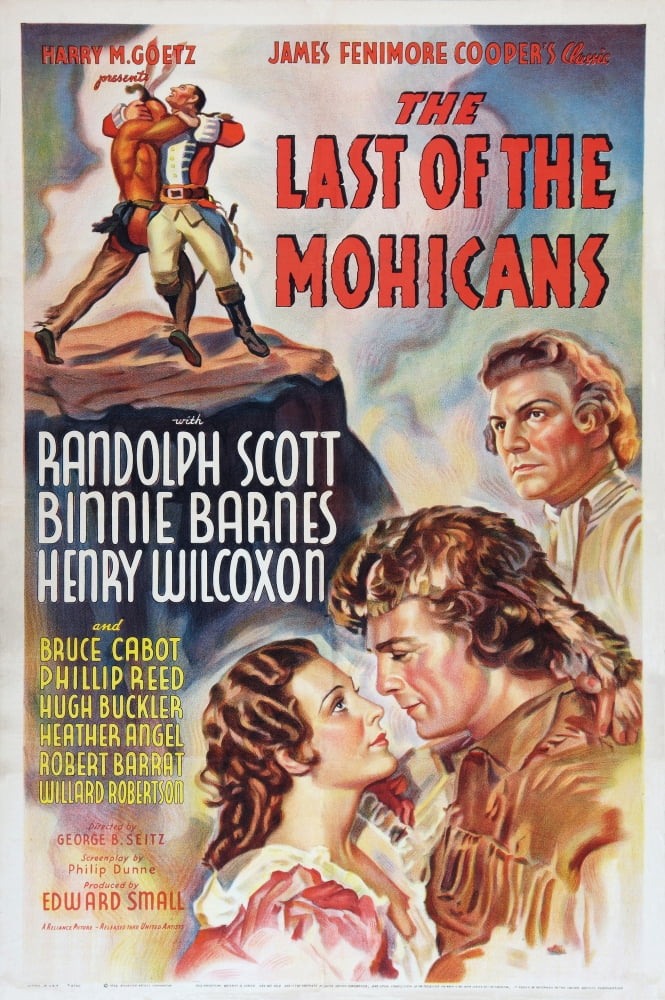 The Last of the Mohicans 1936 movie masterprint poster featuring Binnie Barnes, Randolph Scott, and Henry Wilcoxon.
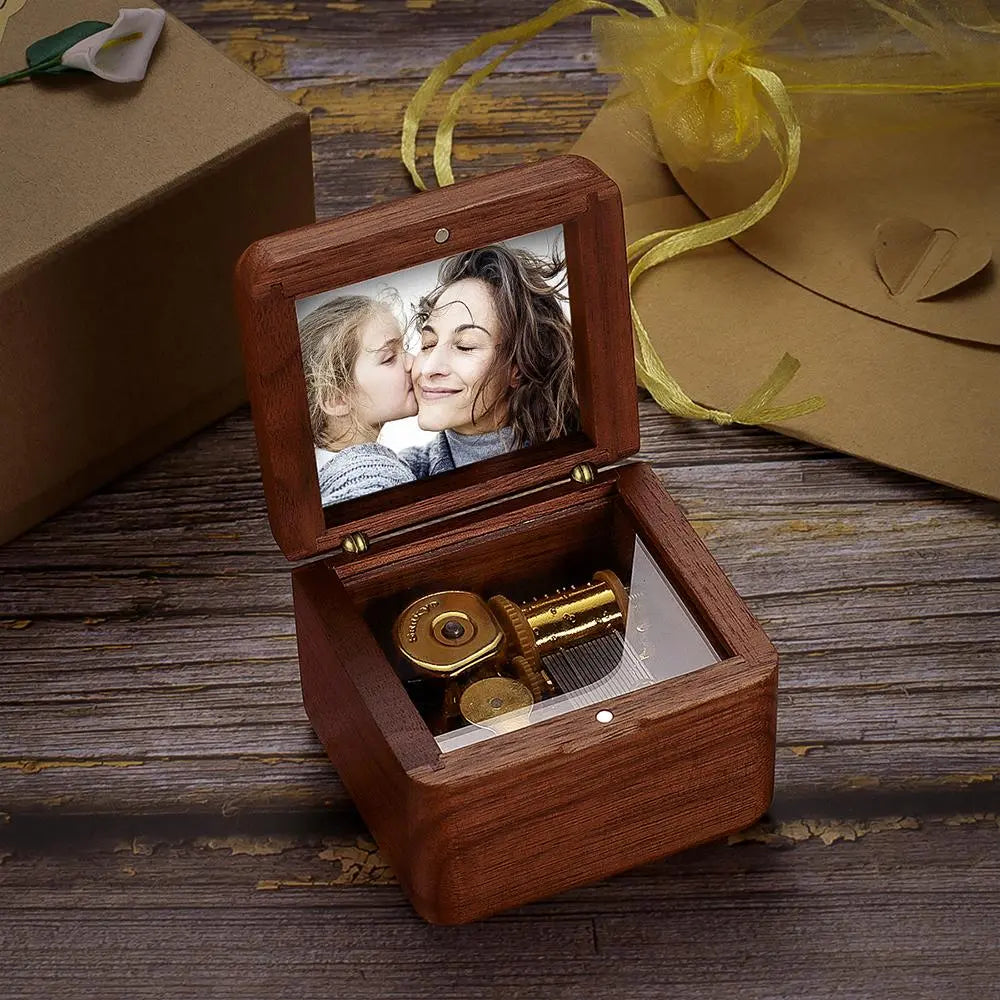 Custom Photo Wooden Music Box - gift for anyone - Personalized Music Box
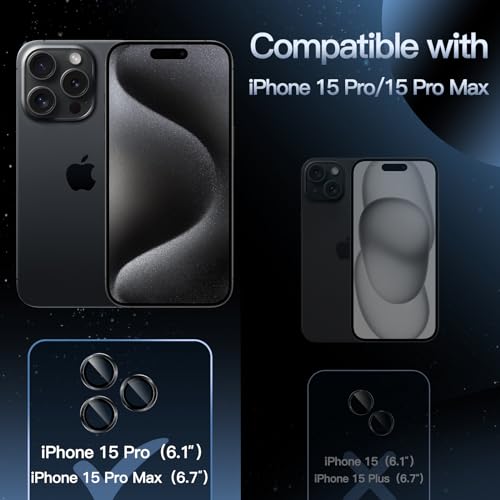 JETech Camera Lens Protector for iPhone 15 Pro/15 Pro Max, Space Black - color: Space Black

• What is required
Transcribe every line of the listing above exactly; skip the pictures.

• Solution for this exercise
 The Last of the Mohicans 1936 movie masterprint poster featuring Binnie Barnes, Randolph Scott, and Henry Wilcoxon.
 Custom Photo Wooden Music Box - gift for anyone - Personalized Music Box
 JETech Camera Lens Protector for iPhone 15 Pro/15 Pro Max, Space Black - color: Space Black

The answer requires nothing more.